Saturday, February 25, 2012

Upon This Gospel

Blessed are you, Simon Bar-Jonah, for flesh and blood has not revealed this to you, but My Father who is in heaven. And I also say to you that you are Peter, and on this rock I will build My church, and the gates of Hades shall not prevail against it. And I will give you the keys of the kingdom of heaven, and whatever you bind on earth will be bound in heaven, and whatever you loose on earth will be loosed in heaven. (Matthew 16:17-18)

Jesus asked the disciples what people were saying about who He was. “Some say John the Baptist, some Elijah, and others Jeremiah or one of the prophets,” they answered. These were not bad answers. They all ran in the right direction, but they did not go nearly far enough.

“But who do you say that I am?” Jesus asked. The first question was a setup but this next question was what Jesus was really after. How far had the disciples progressed in their understanding about Him?

Peter stepped forward and opened his mouth. No one was surprised, that was how Peter was. But what he said was a surprise, perhaps even to himself. He answered, “You are the Christ, the Son of the Living God!”

Understand this in the context of a Jewish book written to a largely Jewish group of people. Understand it in the context of the messianic expectation of the Old Testament. Understand it, for instance, in the context of Psalm 2, a messianic psalm. There, God speaks of His Anointed, against whom the kings and rulers of the earth were conspiring (Psalm 2:2). But God laughs at them and says, “Yet I have set My King on My holy hill of Zion” (Psalm 2:6). Then David, the psalm writer, says,
I will declare the decree:
The LORD has said to Me,
“You are My Son,
Today I have begotten You.
Ask of Me, and I will give You
The nations for Your inheritance,
And the ends of the earth for Your possession.
You shall break them with a rod of iron;
You shall dash them to pieces like a potter’s vessel.”
(Psalm 2:7-9)
The Anointed, whom God calls “My Son,” is to be King over all the nations of the earth. Now, with that in mind, listen to Peter’s confession again: “You are the Christ [the Anointed One], the Son of the Living God.” He suddenly understood that Jesus is God’s Messiah, God’s Son, God’s King. The One Israel had long awaited, who would deliver His people and rule over the nations.

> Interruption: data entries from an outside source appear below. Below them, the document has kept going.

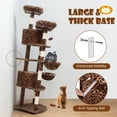 thumbnail image 4 of Merrland 73" Large Cat Tree Tower for Indoor Cats, Fan-Shaped Base Multi-Level Cat Condo with Top Perches, Cat Baskets & Sisal Scratching Posts, Leopard Print, 4 of 6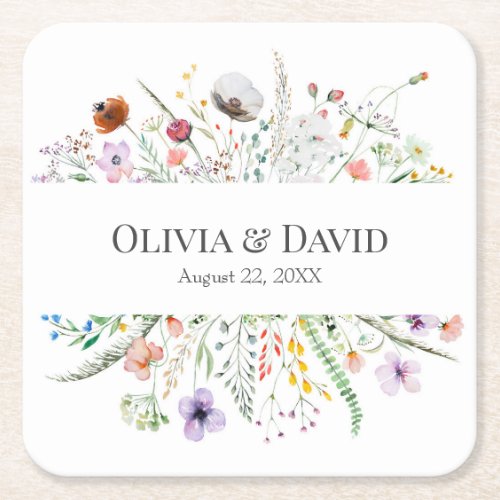 Boho Wildflower Meadow Wedding Square Paper Coaster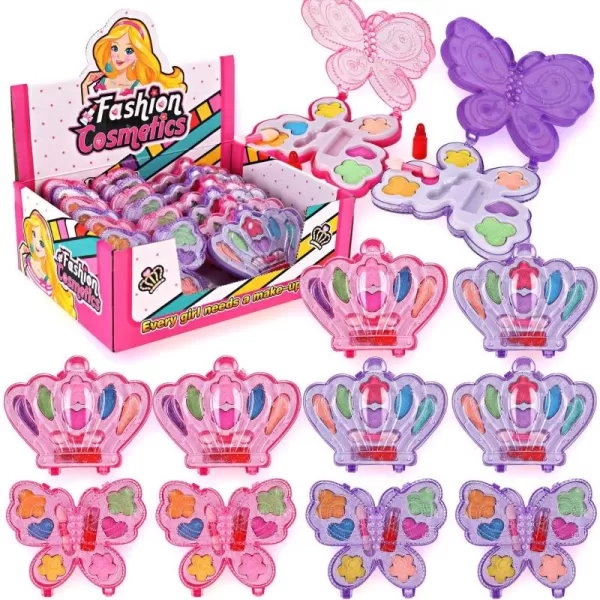 imageLiberty Imports Petite Girls Cosmetics Play Set  Washable and Non Toxic  Princess Real Makeup Kit with Case  Ideal Gift for Kids 12 Pack Favors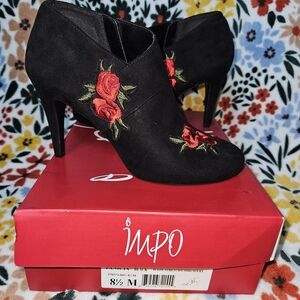 Impo Black Heeled Boots with Red Floral Embroidery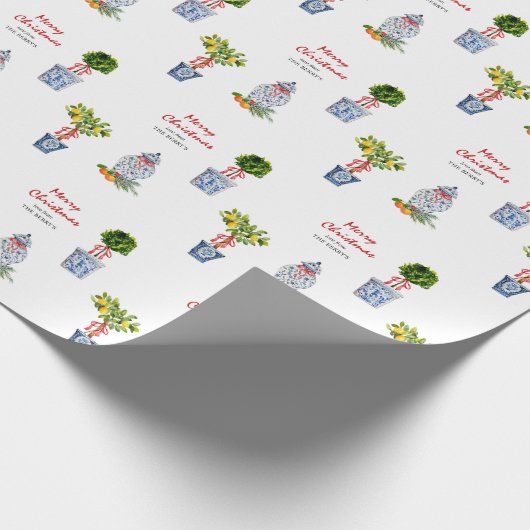 Blue & White Pottery Weihnachten Geschenkpapier (Ecke)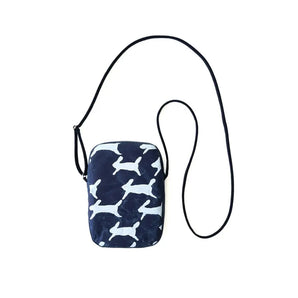 Washi Paper Smartphone Pouch | mina perhonen | run run run Dark Blue | Lightweight Crossbody Bag | SIWA SIWA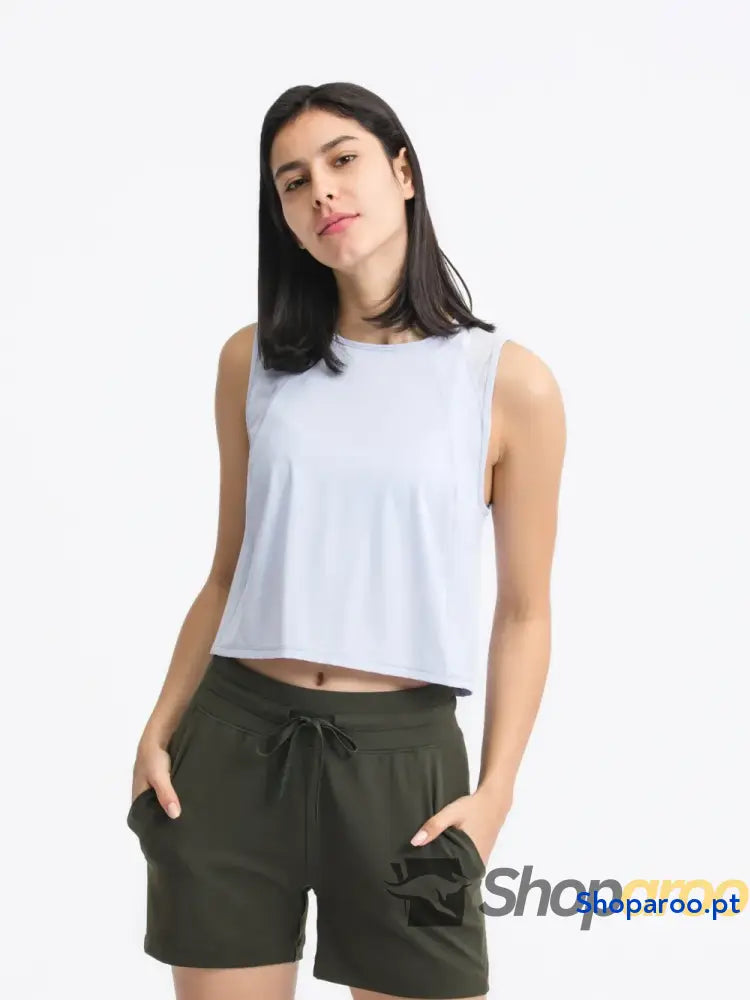 Millennia Round Neck Cropped Active Tank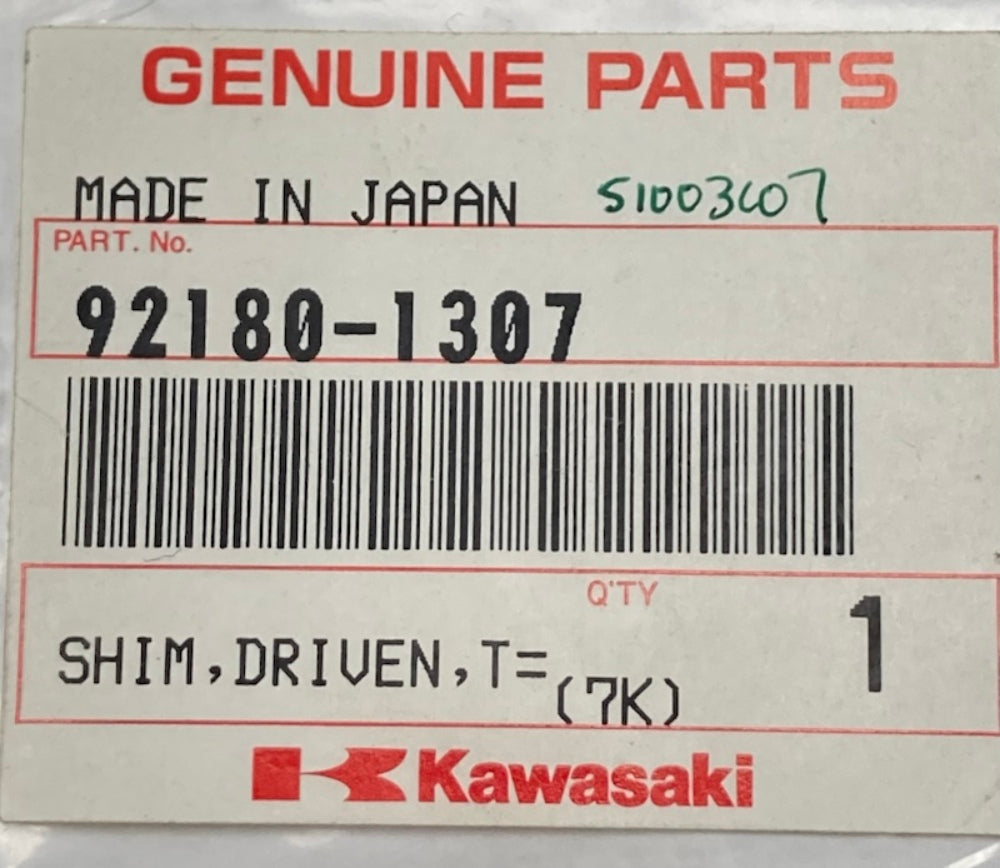 Kawasaki 92180-1307 Shim Driven T=0.15 New Genuine
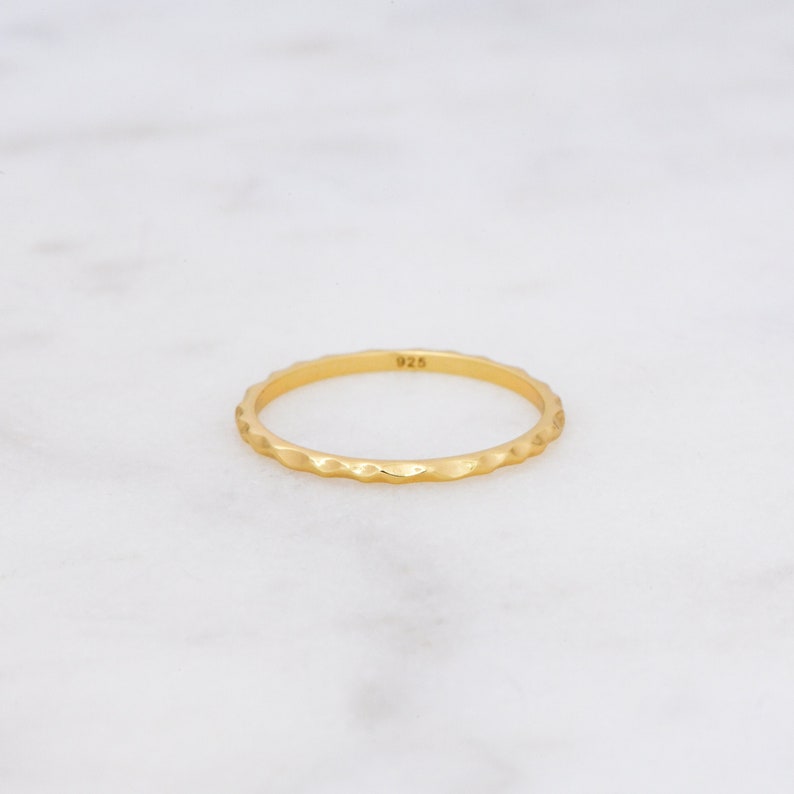 Stacking Ring, Thin Gold Ring, Dainty Ring, Minimalist Ring, Gold Ring, Hammered Ring, Sterling Silver Ring, Simple Ring, Delicate Ring image 1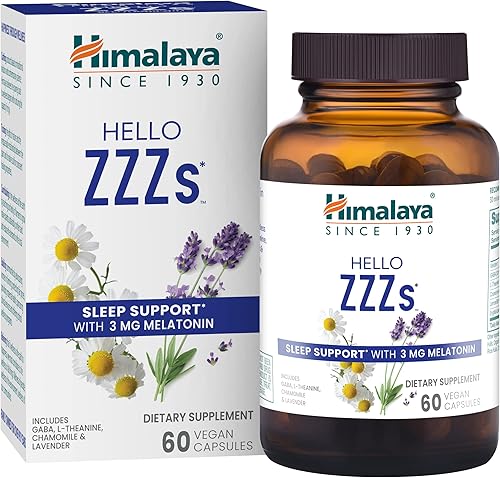 Himalaya Hello ZZZs con GABA L-teanina y melatonina 3mg para apoyo al sueño y insomnio ocasional 60 cápsulas suministro de 2 meses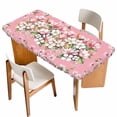 thumbnail image 1 of Pink Orchid Flowers Table Cloths for 3 Foot Rectangle Tables, Vintage Floral Leaves Plants Spring Patio Waterproof Elastic Fitted Tablecloths, Washable Rectangular Table Cover for Camping, 1 of 8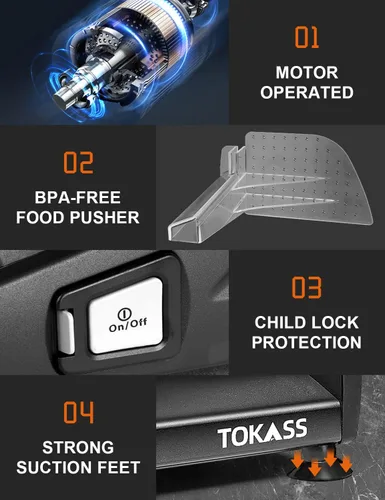 Vista 2 de Cortadora de carne, cortadora eléctrica de alimentos de 200W con 2 cuchillas extraíbles de acero inoxidable de 7.5" y bandeja de acero inoxidable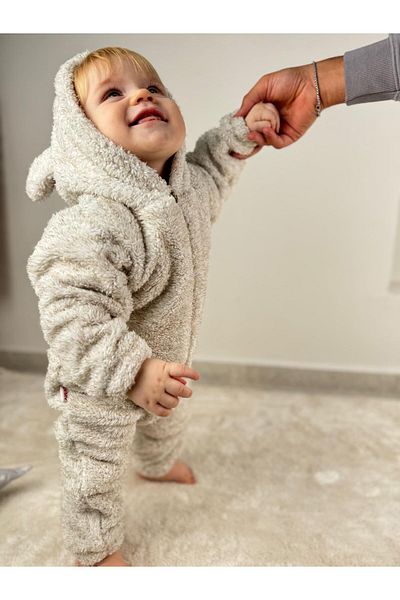 Minizade Welsoft Plush Unisex Winter Baby and Kids Jumpsuit - Zippered Sleeping Bag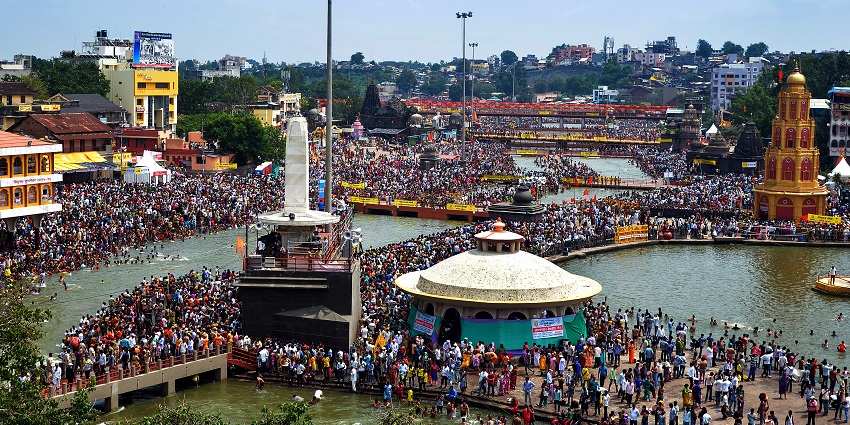 Thousands of pilgrims gathered at Ramkund Ghat during the Kumbh Mela, highlighting events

This has everything to do with the kingdom of God, His rule and reign over all the earth, which has been Matthew’s subject from the beginning of his gospel account. The genealogy in Matthew establishes the lineage of Jesus as the one who fulfills the promise God made to Abraham, Isaac, Jacob, then on through Judah, to King David and beyond. In Matthew 2, the magi recognize Jesus as a long-prophesied king. In Matthew 4, Jesus begins His ministry preaching, “Repent, for the kingdom of heaven is at hand” (Matthew 4:17). His entire ministry is focused on the kingdom, teaching about it through parables and demonstrating it through healing, signs and wonders. At the end, after the cross and the resurrection, but before He ascended to heaven, Jesus declared to the disciples, “All power has been given to me in heaven and on earth” (Matthew 28:18). The is the language of the King rising to His throne.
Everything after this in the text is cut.